Synthesizing Quechua: A New Chapter for TTS Systems
High-quality Quechua and Spanish speech synthesis for the Peruvian Constitution showcases the power of bilingual TTS architectures. The cross-lingual transfer might just be the key to bridging language gaps.
Synthesizing speech from text isn't just about technology. It's about preserving language and culture for generations to come. That's what recent efforts in Peru are aiming to achieve, especially for Quechua, a language spoken by millions yet underserved by modern tech.
Why This Matters
Using three state-of-the-art text-to-speech (TTS) models, XTTS v2, F5-TTS, and DiFlow-TTS, researchers have developed a system that can produce high-quality speech in both Quechua and Spanish. This is no small feat. The process draws on data from disparate Spanish and Quechua speech datasets, each with its own quirks and challenges.
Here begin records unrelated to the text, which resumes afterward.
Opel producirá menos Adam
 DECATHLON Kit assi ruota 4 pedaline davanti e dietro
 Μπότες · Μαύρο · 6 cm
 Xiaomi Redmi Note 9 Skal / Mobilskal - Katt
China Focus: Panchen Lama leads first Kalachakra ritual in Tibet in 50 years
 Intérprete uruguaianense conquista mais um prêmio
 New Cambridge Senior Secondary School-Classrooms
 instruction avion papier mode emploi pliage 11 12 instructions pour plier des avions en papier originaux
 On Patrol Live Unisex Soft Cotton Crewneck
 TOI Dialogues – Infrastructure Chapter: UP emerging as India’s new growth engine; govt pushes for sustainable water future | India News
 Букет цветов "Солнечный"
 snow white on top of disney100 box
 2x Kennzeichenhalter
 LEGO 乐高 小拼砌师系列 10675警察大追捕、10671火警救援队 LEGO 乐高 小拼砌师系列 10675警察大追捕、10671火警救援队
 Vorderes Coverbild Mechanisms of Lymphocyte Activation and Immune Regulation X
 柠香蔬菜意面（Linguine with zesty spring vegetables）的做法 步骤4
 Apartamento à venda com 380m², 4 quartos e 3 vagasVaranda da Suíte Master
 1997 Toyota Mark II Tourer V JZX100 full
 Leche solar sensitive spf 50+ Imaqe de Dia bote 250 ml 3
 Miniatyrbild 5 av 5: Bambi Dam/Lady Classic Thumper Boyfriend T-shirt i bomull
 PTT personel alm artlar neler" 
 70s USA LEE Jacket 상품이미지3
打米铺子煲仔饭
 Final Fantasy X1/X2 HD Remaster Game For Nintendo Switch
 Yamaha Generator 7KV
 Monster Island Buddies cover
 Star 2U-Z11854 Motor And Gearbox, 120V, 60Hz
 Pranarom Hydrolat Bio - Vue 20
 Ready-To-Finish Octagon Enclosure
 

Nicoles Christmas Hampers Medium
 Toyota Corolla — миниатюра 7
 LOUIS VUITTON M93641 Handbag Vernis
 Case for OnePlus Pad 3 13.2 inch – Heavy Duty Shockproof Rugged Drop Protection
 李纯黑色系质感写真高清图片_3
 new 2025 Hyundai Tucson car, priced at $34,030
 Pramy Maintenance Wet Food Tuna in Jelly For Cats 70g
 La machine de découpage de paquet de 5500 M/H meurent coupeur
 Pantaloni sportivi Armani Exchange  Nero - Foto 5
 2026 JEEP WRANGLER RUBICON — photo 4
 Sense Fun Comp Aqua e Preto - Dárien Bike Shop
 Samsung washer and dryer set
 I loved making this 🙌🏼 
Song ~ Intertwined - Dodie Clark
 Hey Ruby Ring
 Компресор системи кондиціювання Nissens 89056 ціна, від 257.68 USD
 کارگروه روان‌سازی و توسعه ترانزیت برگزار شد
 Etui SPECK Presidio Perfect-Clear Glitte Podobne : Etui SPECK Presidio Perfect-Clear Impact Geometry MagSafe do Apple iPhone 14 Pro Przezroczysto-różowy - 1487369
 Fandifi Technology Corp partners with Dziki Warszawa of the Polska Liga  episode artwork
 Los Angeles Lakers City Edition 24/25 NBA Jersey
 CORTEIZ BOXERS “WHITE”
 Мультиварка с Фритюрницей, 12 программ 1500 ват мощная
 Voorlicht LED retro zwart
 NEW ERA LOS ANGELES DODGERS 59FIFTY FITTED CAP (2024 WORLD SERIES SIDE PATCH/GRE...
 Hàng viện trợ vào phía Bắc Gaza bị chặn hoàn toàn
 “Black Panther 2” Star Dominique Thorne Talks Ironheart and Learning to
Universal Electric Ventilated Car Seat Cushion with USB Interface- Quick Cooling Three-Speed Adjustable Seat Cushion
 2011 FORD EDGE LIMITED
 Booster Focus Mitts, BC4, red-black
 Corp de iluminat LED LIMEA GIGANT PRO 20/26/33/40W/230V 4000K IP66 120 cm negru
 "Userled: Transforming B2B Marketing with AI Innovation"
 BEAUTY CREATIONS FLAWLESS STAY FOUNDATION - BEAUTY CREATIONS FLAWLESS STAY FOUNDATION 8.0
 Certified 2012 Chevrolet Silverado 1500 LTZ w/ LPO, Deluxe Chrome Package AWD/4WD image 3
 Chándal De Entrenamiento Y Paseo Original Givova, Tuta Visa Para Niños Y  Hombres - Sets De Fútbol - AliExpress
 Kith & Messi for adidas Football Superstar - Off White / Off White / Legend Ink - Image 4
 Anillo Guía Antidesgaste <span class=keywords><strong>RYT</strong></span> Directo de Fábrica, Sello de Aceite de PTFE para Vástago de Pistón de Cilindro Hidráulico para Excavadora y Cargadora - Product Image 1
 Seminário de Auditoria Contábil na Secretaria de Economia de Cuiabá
The reality is, Quechua often gets the short end of the stick in technological advancements. Data scarcity is a persistent issue. Here's what the benchmarks actually show: cross-lingual transfer capabilities in these models significantly boost synthesis quality where Quechua lacks data.
Bridging the Language Divide
Why should you care about text-to-speech for the Peruvian Constitution? Because this endeavor isn't just about creating audio files. It's about making legal and political content accessible to indigenous populations who are often left out of the conversation.
Frankly, the power of such a bilingual TTS system lies in its inclusivity. By making constitutional content available in native languages, it empowers communities to engage more deeply with political processes. It’s a move towards linguistic equality.
The Road Ahead
In a world that often values dominant languages over indigenous ones, this project is a notable exception. It challenges the notion that technological advancement should only cater to the majority. Instead, it raises a critical question: What if we prioritized technological inclusivity over convenience?
With released checkpoints, inference code, and synthesized audio, this project also provides a foundation for future work. It’s a reusable resource for those looking to build on speech technologies in low-resource settings.
Strip away the marketing and you get a straightforward proposition: technology should serve everyone, not just the privileged few. That’s a sentiment worth echoing across other regions and languages.